Eleven decades after the author’s death, such boundaries are less certain.
Consider just a handful of the cases and controversies currently involving Twitter. Thanks to an allegedly racist tweet, Manchester United’s Rio Ferdinand has been charged by the Football Association with improper conduct. Legal action is being brought against Twitter in the US in order to make it reveal the identity of the person behind a spoof account satirising the chief executive of a newspaper group. British journalist Guy Adams was suspended from using the site following American broadcaster NBC’s complaints over his tweeting, although he was reinstated after a public outcry. Ugly, abusive threats to the Olympic diver Tom Daley led to the arrest of a teenager. Twitter’s own chief executive recently called some of the abuse and heckling that takes place on his site “horrifying”. And the US government – among others – has made many hundreds of user information requests to the service for its own reasons.
It feels, as the author and media expert Dan Gillmour recently put it, like “a defining moment for Twitter”. But it’s also a moment in which larger issues of both law and belief are being defined. What freedoms and protections do we owe to each other in this young arena, where even the most casual comments are fleshed with enough permanence to act upon the world? And are our old structures for judging and enforcing these protections remotely up to the job?
Some of the most suggestive recent answers to these questions seem, to me, to be bound up with a tale that Twain himself might have considered exemplary satire: that of the British man convicted of telling a dubiously tasteful joke.
Like all the best stories, it begins with a boy and a girl. In January 2010, 28-year-old Paul Chambers was poised to visit his girlfriend in Northern Ireland when he discovered that the UK’s Robin Hood airport was closed due to snow. In frustration, he posted a message under his own name on Twitter. “Crap!” it exclaimed, “Robin Hood Airport is closed. You've got a week and a bit to get your shit together, otherwise I'm blowing the airport sky high!"

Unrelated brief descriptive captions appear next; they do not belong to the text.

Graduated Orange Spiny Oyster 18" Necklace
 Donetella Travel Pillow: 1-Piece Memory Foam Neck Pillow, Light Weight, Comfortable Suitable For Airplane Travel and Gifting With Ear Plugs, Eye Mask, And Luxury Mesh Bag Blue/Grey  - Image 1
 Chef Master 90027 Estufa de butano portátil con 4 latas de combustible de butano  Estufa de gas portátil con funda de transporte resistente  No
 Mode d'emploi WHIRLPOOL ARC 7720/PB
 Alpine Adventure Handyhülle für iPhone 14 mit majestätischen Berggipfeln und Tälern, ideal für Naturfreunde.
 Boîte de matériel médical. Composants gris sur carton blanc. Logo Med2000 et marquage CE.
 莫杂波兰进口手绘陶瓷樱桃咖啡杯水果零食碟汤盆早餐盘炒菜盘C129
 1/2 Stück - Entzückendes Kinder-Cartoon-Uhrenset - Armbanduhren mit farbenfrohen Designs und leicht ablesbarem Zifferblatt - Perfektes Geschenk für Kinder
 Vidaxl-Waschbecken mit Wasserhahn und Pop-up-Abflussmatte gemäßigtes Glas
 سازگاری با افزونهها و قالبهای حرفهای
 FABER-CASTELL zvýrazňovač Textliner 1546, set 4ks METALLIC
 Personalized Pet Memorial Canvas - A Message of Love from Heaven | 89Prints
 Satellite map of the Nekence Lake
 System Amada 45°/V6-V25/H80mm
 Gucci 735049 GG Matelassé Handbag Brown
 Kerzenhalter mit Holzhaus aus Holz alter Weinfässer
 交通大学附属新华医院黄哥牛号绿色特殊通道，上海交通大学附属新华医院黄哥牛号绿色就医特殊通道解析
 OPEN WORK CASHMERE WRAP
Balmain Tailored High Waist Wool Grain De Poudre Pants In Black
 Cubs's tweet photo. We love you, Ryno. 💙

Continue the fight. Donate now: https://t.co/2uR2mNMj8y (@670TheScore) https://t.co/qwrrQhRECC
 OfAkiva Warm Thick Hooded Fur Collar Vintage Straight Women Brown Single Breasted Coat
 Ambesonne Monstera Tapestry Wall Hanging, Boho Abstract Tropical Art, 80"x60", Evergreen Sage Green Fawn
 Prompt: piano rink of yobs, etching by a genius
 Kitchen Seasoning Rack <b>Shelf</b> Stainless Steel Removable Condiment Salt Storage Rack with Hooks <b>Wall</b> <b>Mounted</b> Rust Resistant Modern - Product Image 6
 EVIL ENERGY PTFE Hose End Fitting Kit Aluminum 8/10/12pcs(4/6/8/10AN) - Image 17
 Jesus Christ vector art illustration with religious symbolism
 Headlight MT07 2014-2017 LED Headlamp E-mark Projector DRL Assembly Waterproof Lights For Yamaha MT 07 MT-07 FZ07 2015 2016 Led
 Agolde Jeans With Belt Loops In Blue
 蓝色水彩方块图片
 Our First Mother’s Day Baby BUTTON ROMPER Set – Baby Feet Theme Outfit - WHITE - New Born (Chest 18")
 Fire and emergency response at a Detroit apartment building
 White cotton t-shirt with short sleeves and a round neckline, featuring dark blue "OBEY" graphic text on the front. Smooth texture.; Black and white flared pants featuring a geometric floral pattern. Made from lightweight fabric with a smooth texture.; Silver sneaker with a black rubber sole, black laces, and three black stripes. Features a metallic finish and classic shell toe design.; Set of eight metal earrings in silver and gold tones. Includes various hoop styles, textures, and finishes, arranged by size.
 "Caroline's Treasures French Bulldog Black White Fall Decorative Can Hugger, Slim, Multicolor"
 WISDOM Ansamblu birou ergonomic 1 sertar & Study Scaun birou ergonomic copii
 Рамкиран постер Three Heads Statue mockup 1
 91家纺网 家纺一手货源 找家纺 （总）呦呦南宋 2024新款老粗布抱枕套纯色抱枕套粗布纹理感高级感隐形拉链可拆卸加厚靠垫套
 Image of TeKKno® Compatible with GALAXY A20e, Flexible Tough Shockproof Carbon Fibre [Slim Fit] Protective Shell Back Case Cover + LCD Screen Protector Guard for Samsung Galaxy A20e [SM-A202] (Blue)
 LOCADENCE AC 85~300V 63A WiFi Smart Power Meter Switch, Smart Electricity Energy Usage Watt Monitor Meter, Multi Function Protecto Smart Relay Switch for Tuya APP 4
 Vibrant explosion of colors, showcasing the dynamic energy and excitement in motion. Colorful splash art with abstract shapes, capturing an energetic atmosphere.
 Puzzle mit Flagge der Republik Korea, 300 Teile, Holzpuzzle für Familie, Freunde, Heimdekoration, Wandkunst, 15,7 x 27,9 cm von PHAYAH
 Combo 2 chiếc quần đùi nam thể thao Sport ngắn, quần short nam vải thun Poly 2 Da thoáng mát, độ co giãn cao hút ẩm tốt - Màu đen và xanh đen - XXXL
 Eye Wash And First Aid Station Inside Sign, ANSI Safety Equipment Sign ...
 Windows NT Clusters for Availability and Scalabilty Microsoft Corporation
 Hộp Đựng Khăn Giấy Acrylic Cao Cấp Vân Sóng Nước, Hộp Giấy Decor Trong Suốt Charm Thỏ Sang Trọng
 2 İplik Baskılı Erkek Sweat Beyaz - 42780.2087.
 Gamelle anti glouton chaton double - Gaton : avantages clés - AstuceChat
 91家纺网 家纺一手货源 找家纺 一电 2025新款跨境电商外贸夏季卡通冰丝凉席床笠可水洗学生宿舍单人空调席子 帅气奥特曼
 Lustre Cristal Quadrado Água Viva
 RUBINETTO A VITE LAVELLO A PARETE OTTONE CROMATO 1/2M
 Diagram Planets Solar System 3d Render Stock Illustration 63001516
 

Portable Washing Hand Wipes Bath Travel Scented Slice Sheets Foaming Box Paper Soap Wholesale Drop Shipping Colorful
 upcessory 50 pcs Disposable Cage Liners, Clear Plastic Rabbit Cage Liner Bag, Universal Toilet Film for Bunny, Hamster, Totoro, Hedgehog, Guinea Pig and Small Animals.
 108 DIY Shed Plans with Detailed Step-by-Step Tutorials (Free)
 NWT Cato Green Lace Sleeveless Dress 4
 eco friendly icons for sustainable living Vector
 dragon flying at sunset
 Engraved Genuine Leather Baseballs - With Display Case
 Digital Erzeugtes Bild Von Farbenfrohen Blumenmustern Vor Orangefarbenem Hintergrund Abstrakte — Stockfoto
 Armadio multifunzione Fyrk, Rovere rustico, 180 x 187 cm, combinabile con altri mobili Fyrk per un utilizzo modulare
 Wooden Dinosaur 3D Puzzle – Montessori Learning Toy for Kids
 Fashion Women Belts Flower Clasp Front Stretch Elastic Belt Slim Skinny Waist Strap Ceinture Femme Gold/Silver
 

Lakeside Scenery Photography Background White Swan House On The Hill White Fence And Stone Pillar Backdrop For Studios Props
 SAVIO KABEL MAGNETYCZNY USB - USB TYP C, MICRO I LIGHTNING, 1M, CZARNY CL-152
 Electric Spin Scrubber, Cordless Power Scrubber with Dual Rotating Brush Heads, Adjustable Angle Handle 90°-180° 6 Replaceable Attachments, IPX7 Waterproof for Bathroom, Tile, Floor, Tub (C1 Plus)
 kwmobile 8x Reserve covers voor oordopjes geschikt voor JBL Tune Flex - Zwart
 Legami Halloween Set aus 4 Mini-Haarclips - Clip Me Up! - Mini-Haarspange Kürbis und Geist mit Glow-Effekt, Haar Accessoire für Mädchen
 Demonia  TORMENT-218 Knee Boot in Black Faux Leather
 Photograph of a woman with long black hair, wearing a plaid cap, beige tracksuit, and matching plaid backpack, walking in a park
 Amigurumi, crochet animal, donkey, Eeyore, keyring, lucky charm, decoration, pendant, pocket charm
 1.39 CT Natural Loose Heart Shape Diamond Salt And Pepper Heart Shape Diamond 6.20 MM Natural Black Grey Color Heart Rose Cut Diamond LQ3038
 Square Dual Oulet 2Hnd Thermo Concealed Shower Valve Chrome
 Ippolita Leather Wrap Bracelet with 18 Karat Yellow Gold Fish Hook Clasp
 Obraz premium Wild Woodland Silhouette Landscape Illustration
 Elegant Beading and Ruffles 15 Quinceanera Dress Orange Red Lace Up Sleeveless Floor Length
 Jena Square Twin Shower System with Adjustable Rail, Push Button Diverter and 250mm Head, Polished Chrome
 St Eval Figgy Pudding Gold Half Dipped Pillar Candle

These words had no particular repercussions until, five days later, the airport’s duty manager found them while searching the site from home. The manager duly alerted his manager, whence the matter made its way to the airport police, then the local police, who two days later arrested Paul Chambers at work, interviewed him, and passed their findings on to the Crown Prosecution Service - who then charged him with the offence of sending a “message of menacing character”. Fast forward two years from the typing of those 25 offending words, and Chambers received a criminal conviction and fine under the 2003 Communications Act – an Act three years older than Twitter itself.
If this sounds more like Kafka than Twain, there is at least a happy ending. This July, the High Court published its judgement granting Chambers’s appeal against his conviction on the grounds that, effectively, it was incorrect to interpret his original comment as anything other than a joke. After all he had been through, the offending tweet was judged only to be words after all.